Frances Hodgson Burnett wrote The Secret Garden while planning the garden at her new estate at Plandome, Long Island in New York. The story, which a friend of Burnett’s referred to as “a sort of childrens [sic] Jane Eyre,” follows a few months in the life of ten-year-old Mary Lennox, orphaned by a cholera epidemic in India and sent to a mysterious manor on the Yorkshire moors. With help from new friends, Mary cultivates the house’s secret garden, and in doing so restores her emotional and physical health and that of her uncle and his son.
After serializing her story in the American Magazine, Burnett published The Secret Garden in simultaneous British and American editions in 1911. The novel was well received when it was first published, but did not attain the status of a children’s classic until several decades later. The 1949 film featuring child star Margaret O’Brien as Mary Lennox, and new editions in the 1950s, including one illustrated by Winnie-the-Pooh artist Ernest Shepard, popularized the book for new readers. There have been hundreds of print editions, and many adaptations for film, television, and theater, each bringing new audiences to Burnett’s classic story of the restorative power of nature.

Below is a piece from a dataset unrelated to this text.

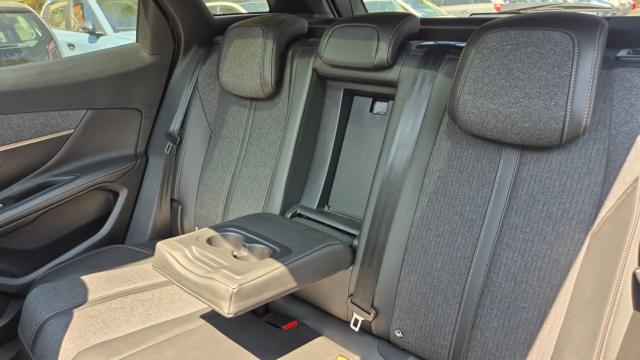 Peugeot 3008 image 1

- Frances Hodgson Burnett. The Secret Garden. New York: Frederick A. Stokes, 1911. Rare Book PS1214 .S42 1911
- Frances Hodgson Burnett. The Secret Garden. London: William Heinemann, 1911. Rare Book PS1214 .S42 1911b
- Frances Hodgson Burnett. The Secret Garden. Illustrated by Ernest H. Shepard. London: Heinemann, 1950. Sine Illus S44sec
- Frances Hodgson Burnett. The Secret Garden. Illustrated by Graham Rust. Boston: David Godine, 1987. Presses G555bur
- Robert Ardey. Screenplay for The Secret Garden. Culver City, CA: Metro-Goldwyn-Mayer Pictures, 1948. Scripts 1731
- Opening night playbill for The Secret Garden. St. James Theatre, New York, 25 April 1991.